The first extraordinary deduction was called the “special deduction.” It equaled
20% of a life insurance company’s taxable income. This effectively reduced a large
life insurance company’s rate of tax from the 46% statutory corporate tax rate then
applicable to a 36.8% rate. In 1986, Congress reduced corporate tax rate to 34% for
corporations with taxable income of more than $335,000. In light of this general
reduction in corporate tax rates, Congress eliminated this 20% special deduction in

1986.


The second extraordinary deduction is the so-called “small life insurance
company deduction.” Under Internal Revenue Code Section 806, a “small” life
insurance company may deduct 60% of its otherwise taxable income, subject to
several limitations. First, the small life insurance company deduction cannot exceed
$1,800,000. Second, if a life insurance company’s otherwise taxable income exceeds
$3 million, the deduction is phased out, so that no deduction is allowed for life
insurance companies with taxable income in excess of $15 million. Third, no
deduction is allowed for a life insurance company that has assets in excess of $500
million.
To illustrate the operation of the small life insurance company deduction,
consider the following example. Assume that a company has taxable income of $2
million before taking the small life insurance company deduction. The small life
insurance company deduction equals $1.2 million (i.e., 60% of its otherwise taxable
income). The company’s taxable income of $800,000 is taxed at the generally
applicable corporate tax rate. Although technically a deduction, this provision has
the effect of reducing a small life insurance company’s effective rate of taxation to
40% of the normal rate applicable to corporations. Thus, a small life insurance
company with income of up to $3 million will be subject to a maximum effective tax
rate of 14%, rather than the 34% statutory rate.
In enacting this provision, Congress recognized that this deduction did not
reflect an expense that constituted a cost of doing business. Rather, it recognized that
small life insurance companies had “enjoyed a tax-favored status for some time [prior



to the enactment of the Tax Reform Act of 1984] and [Congress] believe[d] that it
would not be appropriate to dramatically increase their tax burden at this time.”5 The
legislative history does not address reason why small life insurance companies
should be taxed at lower rates than other business corporations with the same level
of income.
Costs Incurred to Produce Tax-Preferred Forms of Income
Certain forms of income are taxed in a preferential fashion under the income
tax. For example, interest paid to owners of certain state and local bonds is exempt
from taxation. (IRC Section 103).
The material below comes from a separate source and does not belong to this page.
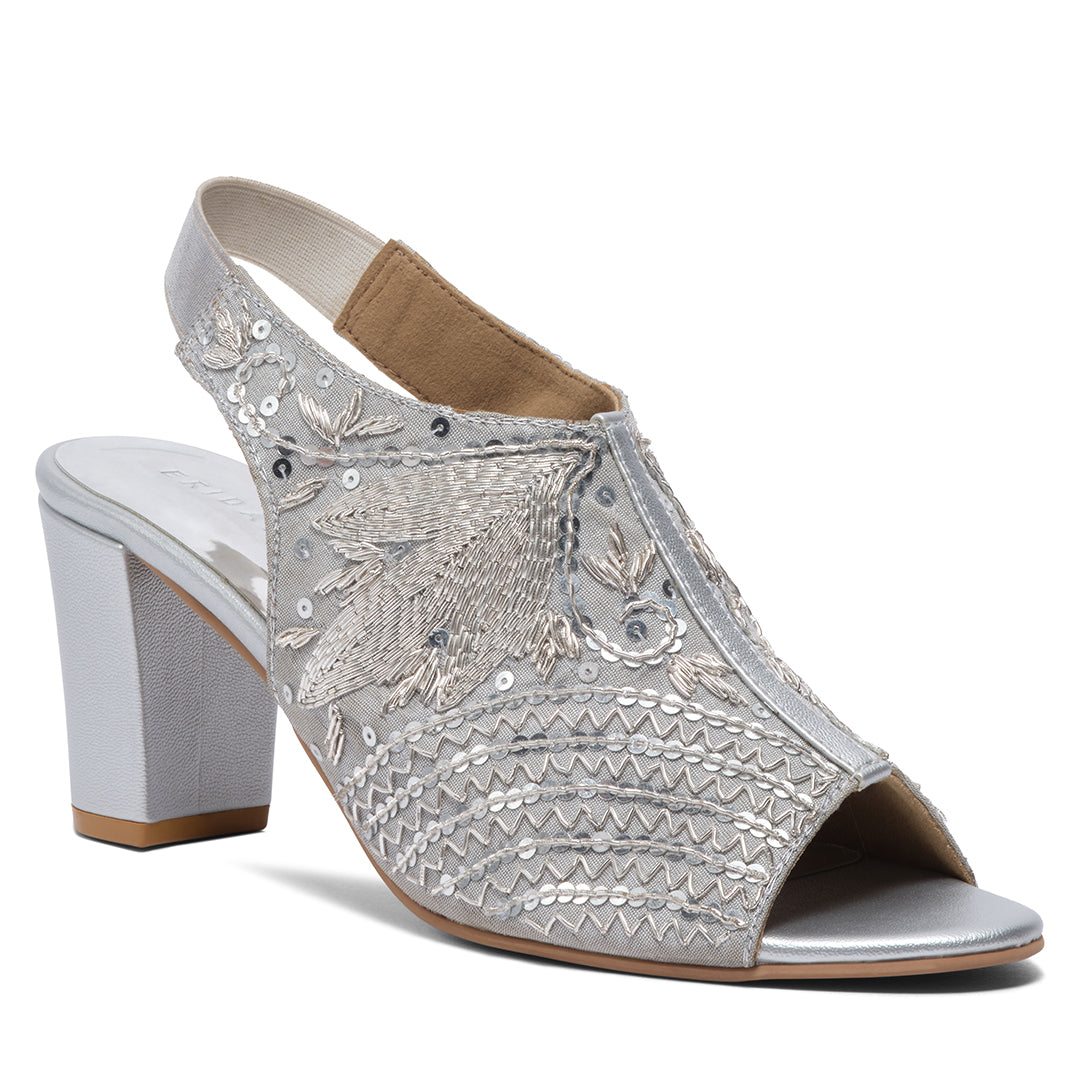 Zaisha Embroidered Heels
Similarly, a corporation that receives
intercorporate dividends is permitted a deduction equal to between 70 and 100% of
the dividend (IRC Section 243).
A taxpayer who incurs deductible expenses to earn tax-preferred income may
engage in what tax analysts call “tax arbitrage.”6 A simple illustration demonstrates
the tax benefits that arise in tax arbitrage transactions. Consider a taxpayer who
borrows $100,000 which is used to purchase a tax-exempt bond. Assume that the
taxpayer pays interest on the borrowed funds at a 6% rate and that the tax-exempt
bond pays interest at a 5% rate.
In this example, were there no restraints on “tax arbitrage,” the taxpayer receives
$5,000 of interest income and pays $6,000 of interest expense. On a pre-tax basis,
the taxpayer loses $1,000 per year as a result of engaging in these transactions. On
an after-tax basis, however, this transaction is profitable. Assuming that the
taxpayer’s income is taxed at a 35% marginal tax rate, the tax-deductible interest
payment of $6,000 generates tax savings of $2,100 (0.35 x $6,000). This tax savings
convert the pre-tax loss of $1,000 into an after-tax profit of $1,100.
The Internal Revenue Code contains several provisions that reduce the tax
benefits that otherwise would arise in tax arbitrage transactions. For example,
Internal Revenue Code Section 265 limits the deduction for interest deemed to be
allocable to investments in tax-exempt bonds. The tax provisions governing life
insurance companies contain the most comprehensive limitation on deductions
arising from tax arbitrage (IRC Sections 805(a)(4) and 807(a)(2)). These provisions
apply to all tax-exempt interest and most intercorporate dividends. Under these
provisions, the tax-preferred investment income is “prorated” between the company
and the policyholders. This proration is based upon the portion of the life insurance
company’s investment income that is allocable to the policyholders.
For example, if 90% of the company’s investment income is used to satisfy the
company’s obligations to its policyholders, only 10% of the tax-preferred income is
deemed to be allocable to the company’s own investment. As result, the company
is allowed a deduction with respect to only 10% of the intercorporate dividends


5 U.S. Congress, House of Representatives, H.Rept. 432 (pt 2), 98th Cong., 2nd sess. 1410
(1984).
6 Generally, individuals cannot (but businesses can) deduct the interest on borrowed funds
used to purchase securities paying interest which is taxable.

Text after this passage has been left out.